*Task:* Please write out exactly the lines of the data below from the line holding "dangle & chandelier" through the line holding "YAMHOHO Herramienta de", and leave out the rest.

*Extracted material:*
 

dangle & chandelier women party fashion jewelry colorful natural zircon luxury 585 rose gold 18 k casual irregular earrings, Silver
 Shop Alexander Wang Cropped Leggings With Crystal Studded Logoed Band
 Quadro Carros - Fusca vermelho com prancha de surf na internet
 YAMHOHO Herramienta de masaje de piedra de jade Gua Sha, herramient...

---

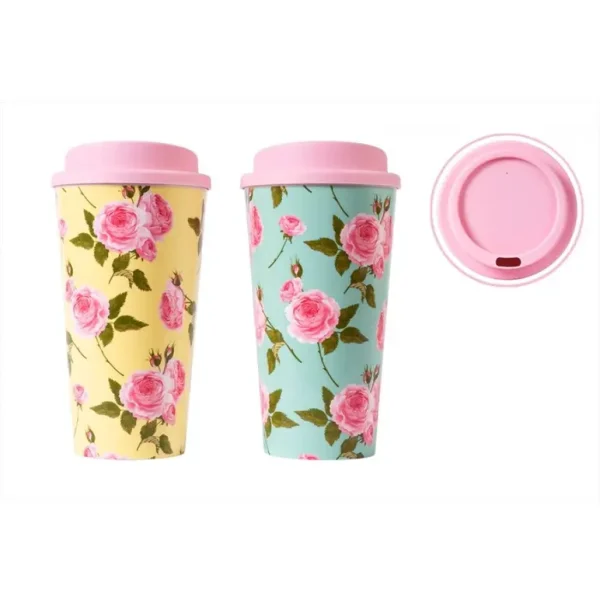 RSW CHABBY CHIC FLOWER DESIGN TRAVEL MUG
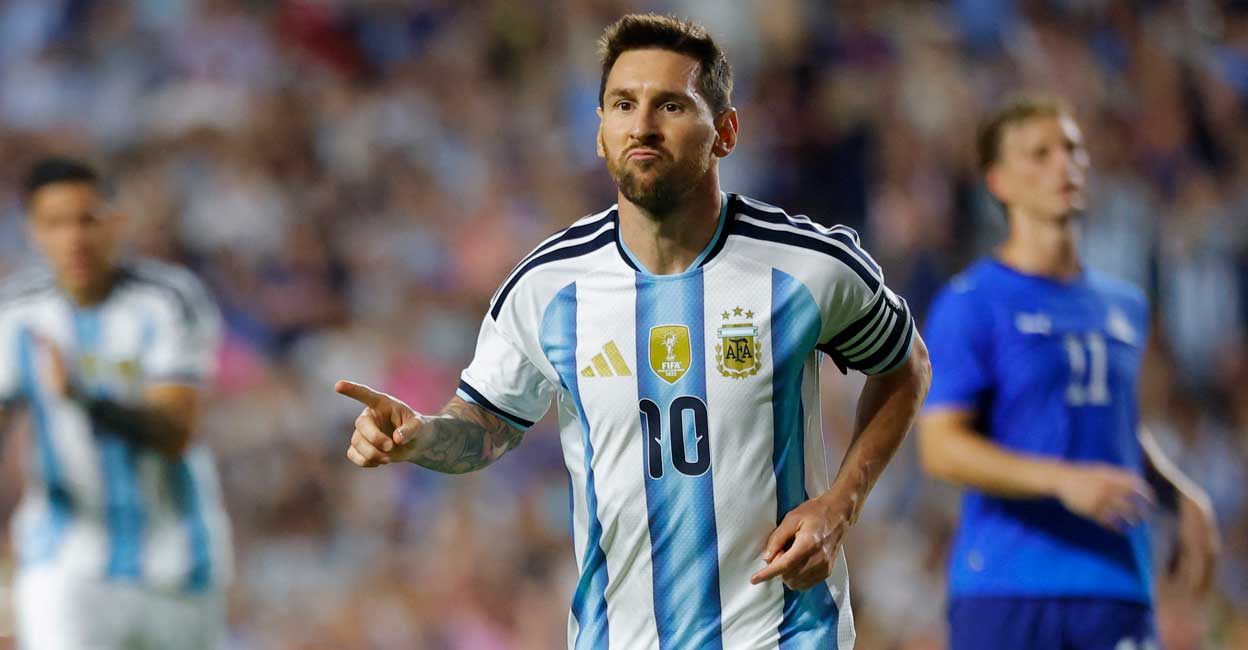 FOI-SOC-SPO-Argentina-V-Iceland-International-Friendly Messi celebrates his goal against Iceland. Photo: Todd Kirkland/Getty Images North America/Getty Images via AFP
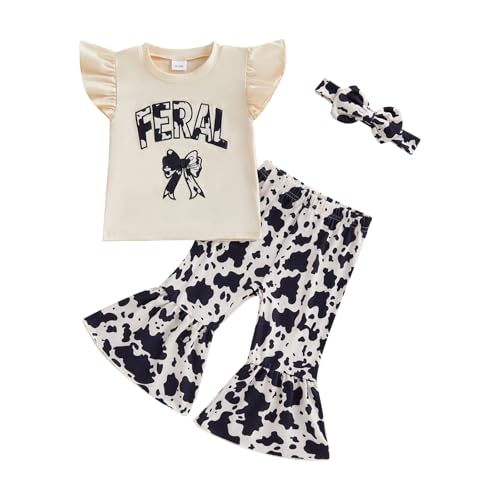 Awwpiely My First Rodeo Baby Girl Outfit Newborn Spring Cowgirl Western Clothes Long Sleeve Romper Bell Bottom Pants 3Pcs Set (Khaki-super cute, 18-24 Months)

*Output for this task:*
dangle & chandelier women party fashion jewelry colorful natural zircon luxury 585 rose gold 18 k casual irregular earrings, Silver
 Shop Alexander Wang Cropped Leggings With Crystal Studded Logoed Band
 Quadro Carros - Fusca vermelho com prancha de surf na internet
 YAMHOHO Herramienta de masaje de piedra de jade Gua Sha, herramient...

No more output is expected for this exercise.